One of them is Korean-born head sommelier Haemin Song, who, together with Javier Vergara, a veteran member of the R&D department, has overseen the Vis à Vis project. Song, however, will continue to manage it during the months when the restaurant is closed.


Th life of this Business Administration graduate who left a well-paid, yet boring job in her country to seek new horizons changed when she was put in charge of a group of Korean chefs visiting Spain’s three-Michelin-star restaurants. Soon after, she embarked on a master’s degree in gastronomy and during her first internship at Carme Ruscalleda’s Sant Pau restaurant near Barcelona, she discovered “the magic of wine in the dining room”. After passing her WSET Diploma and gaining experience at top restaurants such as El Celler de Can Roca in Catalonia and Azurmendi in the Basque Country, she joined Mugaritz in 2019 and became head Sommelier in 2021.

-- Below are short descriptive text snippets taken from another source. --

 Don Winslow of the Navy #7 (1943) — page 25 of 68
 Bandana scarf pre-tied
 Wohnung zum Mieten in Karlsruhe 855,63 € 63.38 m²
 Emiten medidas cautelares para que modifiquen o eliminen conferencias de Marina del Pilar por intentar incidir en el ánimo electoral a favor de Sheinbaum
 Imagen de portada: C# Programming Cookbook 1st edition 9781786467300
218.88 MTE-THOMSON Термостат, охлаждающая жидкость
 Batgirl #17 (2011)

From Rías Baixas to Mallorca and more

The Vis à Vis collection started out with a map of styles and categories to meet the needs of a paired menu at Mugaritz. Later, the restaurant team sought out and visited producers to find the right wine in each case.

"Not all the partnerships we wanted were possible," says Song. "It's not easy for some producers to accommodate our requests. We let them design the labels if they want to because we like to treat the producer as an artist; otherwise, we work with our graphic design studio, which creates a unique label for each wine.”
The philosophy of each producer also comes into play here. Rafael Palacios, for example, is usually reluctant to this sort of collaborations, but he wanted to support a chef who has always distinguished himself for caring about wine.

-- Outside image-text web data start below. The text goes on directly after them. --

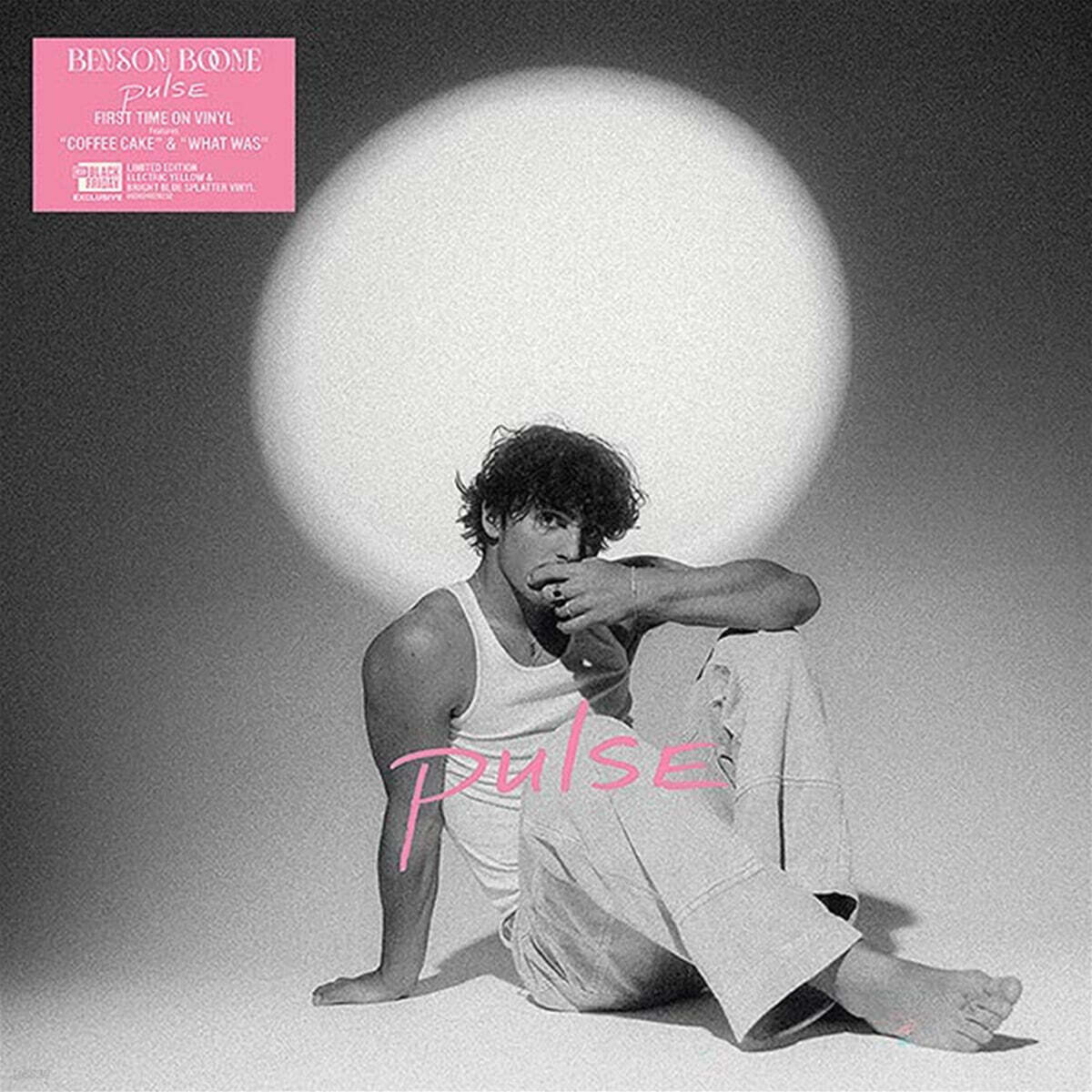 Benson Boone (벤슨 분) - Pulse [컬러 LP]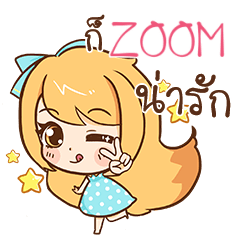 ZOOM cute cute e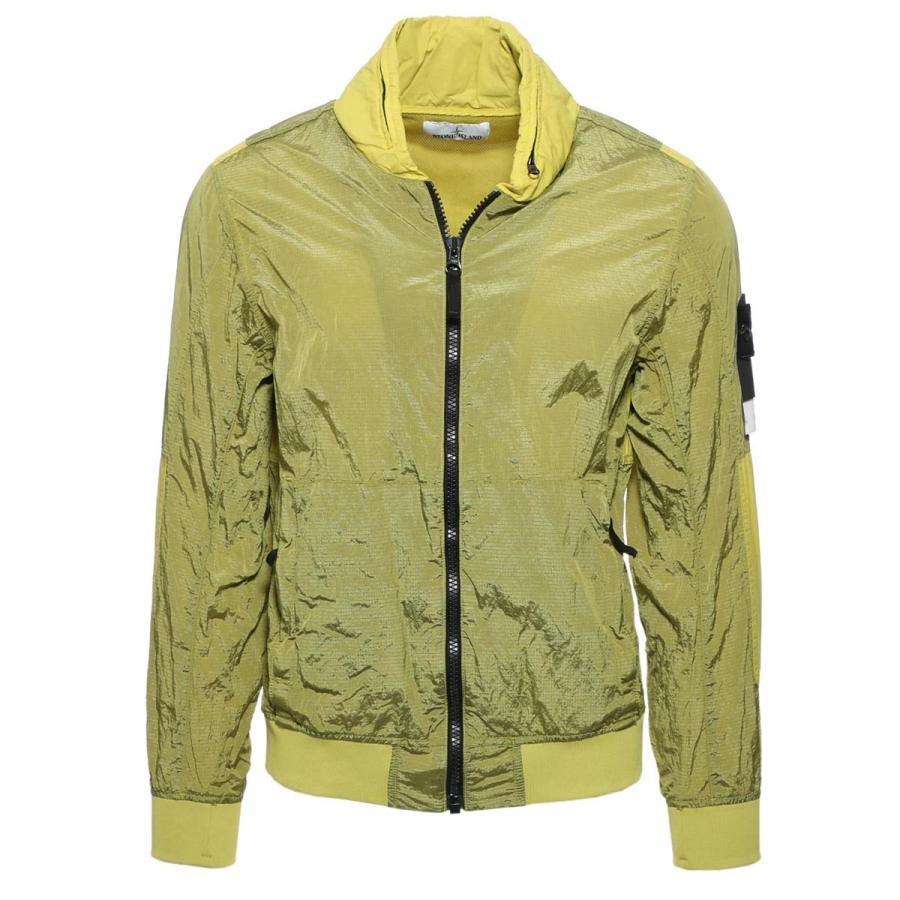 ストーンアイランド Stone Island ジップアップ ナイロンジャケット Nylon Metal Watro Ripstop イエロー メンズ V0038 モダンブルーyahoo 店 通販 Yahoo ショッピング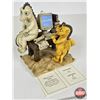 Image 4 : THE WORLD OF KRYSTONIA Figurines w/Swarovski Crystal (3) : Precious Art Inc. (Hand Painted) - Up and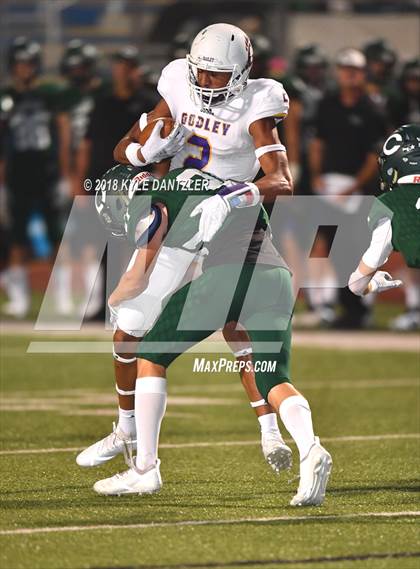 Thumbnail 2 in Godley vs. Canton photogallery.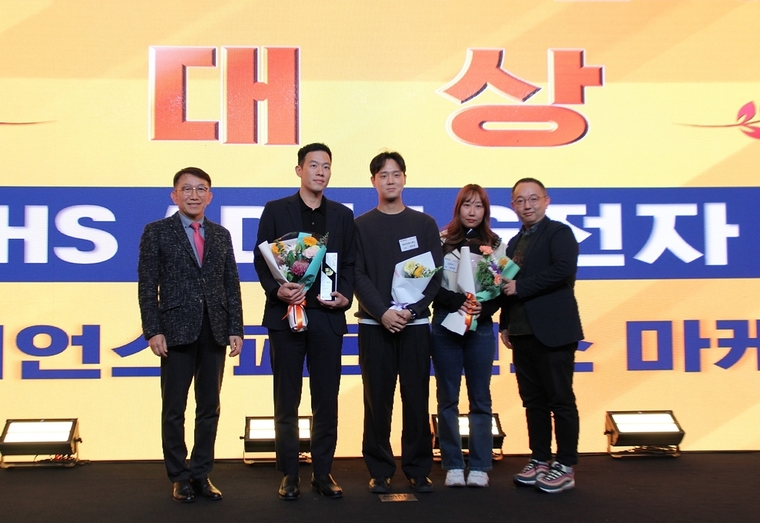 LG전자 대상 수상. 사진=LG전자 제공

One of the most remarkable projects is the one with 4 Kilos in Mallorca. "We are as weird as them," Song jokes. The wine, a complex, spicy Callet with refined notes of pink pepper, had a dish specifically designed for it: a sobrasada, the island’s traditional sausage, but made only from dried tomatos. This is, hands down, one of the best pairings of the Vis à Vis menu. The label, a still life with allusions to pork and vegetables, was designed by the producer.


The most appealing thing of the Vis à Vis wines is that they are not generally on release. Grapes for Rafael Palacios's Godello, for example, were sourced from a very old vineyard planted to a wealth of grape varieties which was re-grafted with Godello plant material from O Soro and Souto, two of Palacios's best plots. From Rioja comes an unreleased vintage of Remirez de Ganuza's new single-vineyard sourced from a site called La Rad in San Vicente de la Sonsierra.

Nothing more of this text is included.